─── Record excerpts
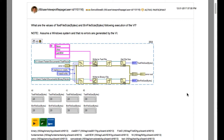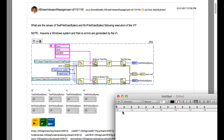The question asks: what are the values of text file size in bytes and binary file size in bytes following execution of the VI?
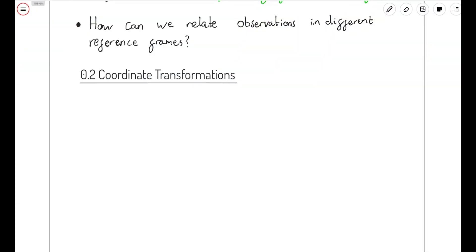Hello there, and welcome back to the Shots in the Quark special relativity course. In the last video, we discussed the idea of a frame of reference. A frame of reference is defined by a physical object and is essentially that object's point of view onto the universe. Once we have a frame of reference, we can start to talk about motion — how things are moving with respect to the object that defines the reference frame we're interested in.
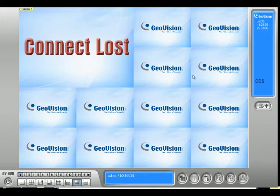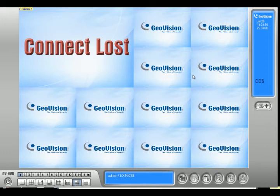A scenario where you would need to change your port numbers is if you have another device on your network that is already using a port number that GeoVision uses. For example, on my network I have a web server set up, and that web server uses port 80, so if I'm adding my GeoVision system and trying to view it remotely, I would have to change the port numbers.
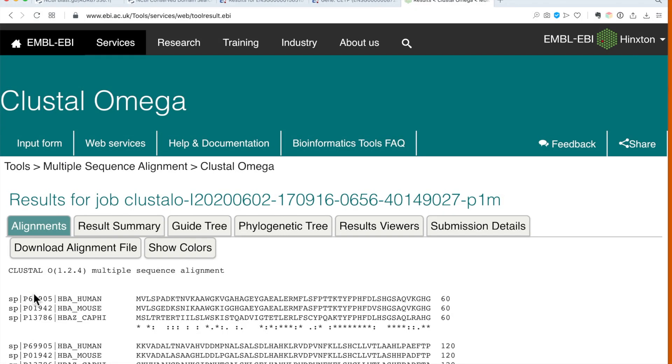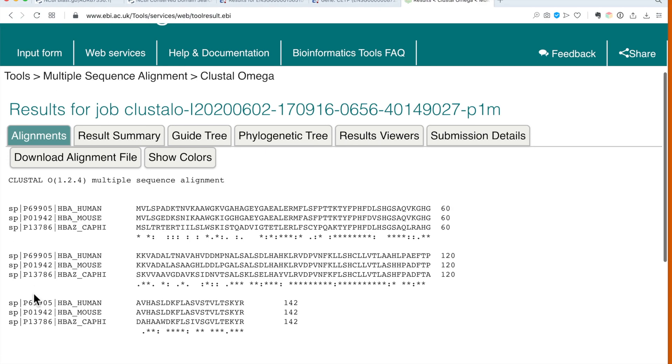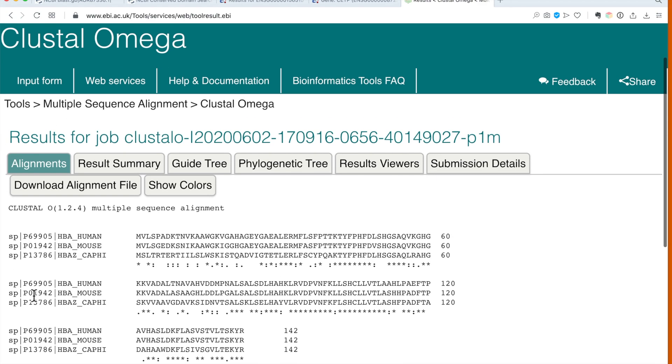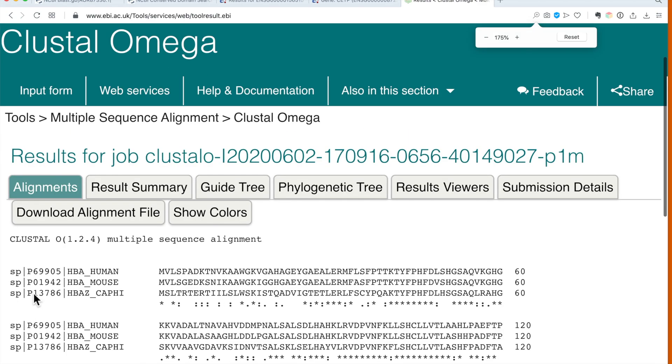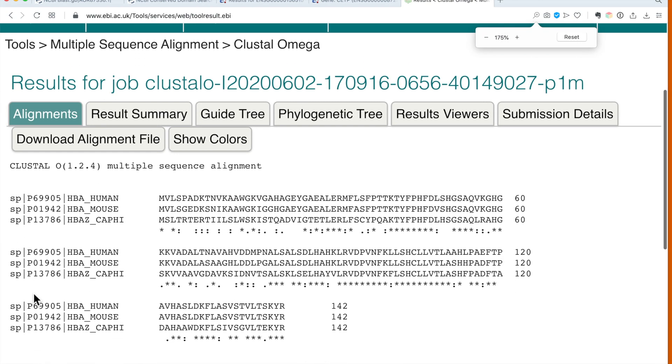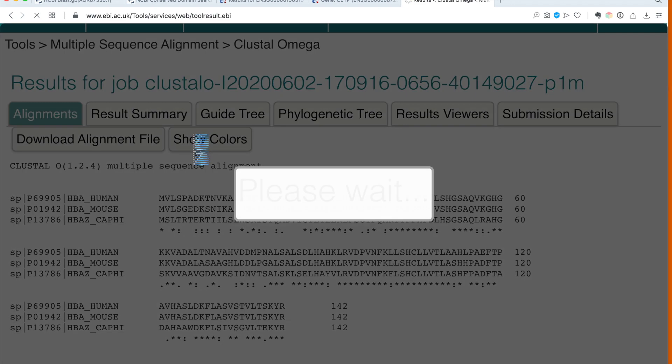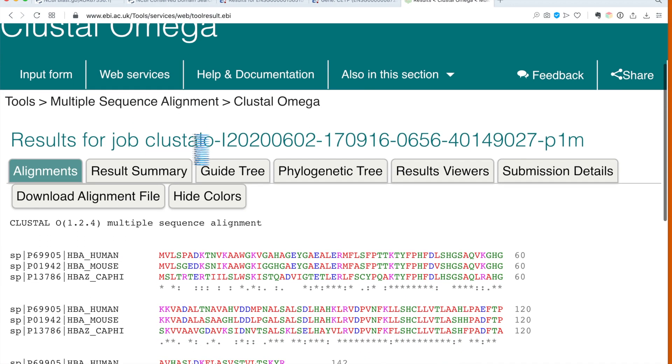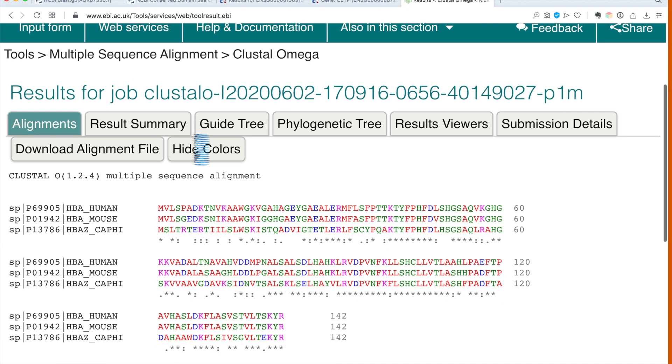Once the results are there, I have already made it slightly bigger so we can see the results better. Clicking on show colors will make the display a little bit nicer. We can see the three sequences on top of each other, and we have marked with a star where there is identity in all three.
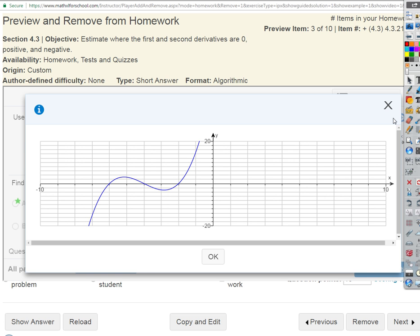So what do you think? Maverick, where on this graph is the first derivative going to be zero? Estimate. At the peak — yeah, at the peak and the valley. Where we get horizontal tangents. Good.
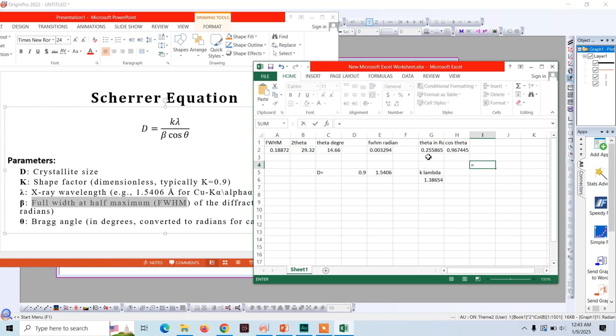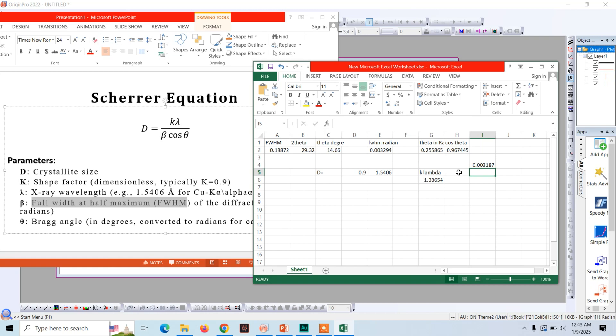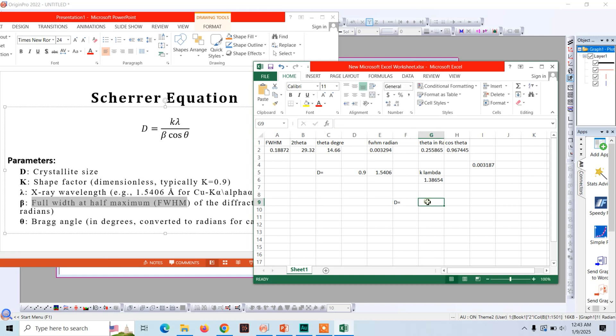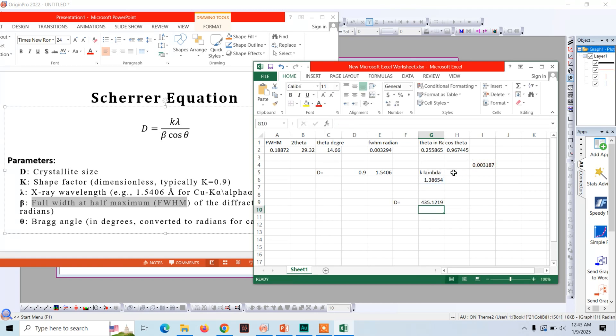And now we need to divide K lambda by beta cos theta. So for doing this we will give the value of D which is equal to this divided by this. So we got a value of 435.129 nanometer. This represents the crystallite size.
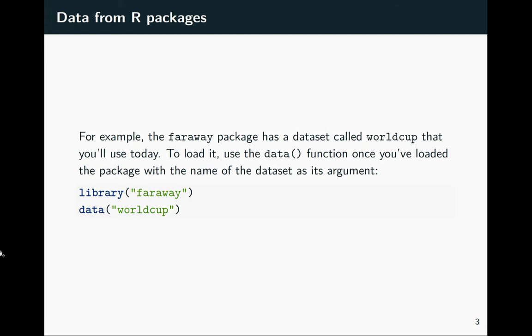We're going to be using this package called Faraway, so you'll need to make sure that you install it. If you haven't, you would do install.packages and then Faraway in quotation marks. And then that has a number of different datasets, and I'll show you in just a second how you could go through and see all of them. But let's start by seeing if you know the name of one, how you load it.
──────
Verbatim transcription needed, from the opening line of the entries above through the line containing "Hello there, and"; pictures do not belong in it.

Exercise output
The question asks: what are the values of text file size in bytes and binary file size in bytes following execution of the VI?
Hello there, and welcome back to the Shots in the Quark special relativity course. In the last video, we discussed the idea of a frame of reference. A frame of reference is defined by a physical object and is essentially that object's point of view onto the universe. Once we have a frame of reference, we can start to talk about motion — how things are moving with respect to the object that defines the reference frame we're interested in.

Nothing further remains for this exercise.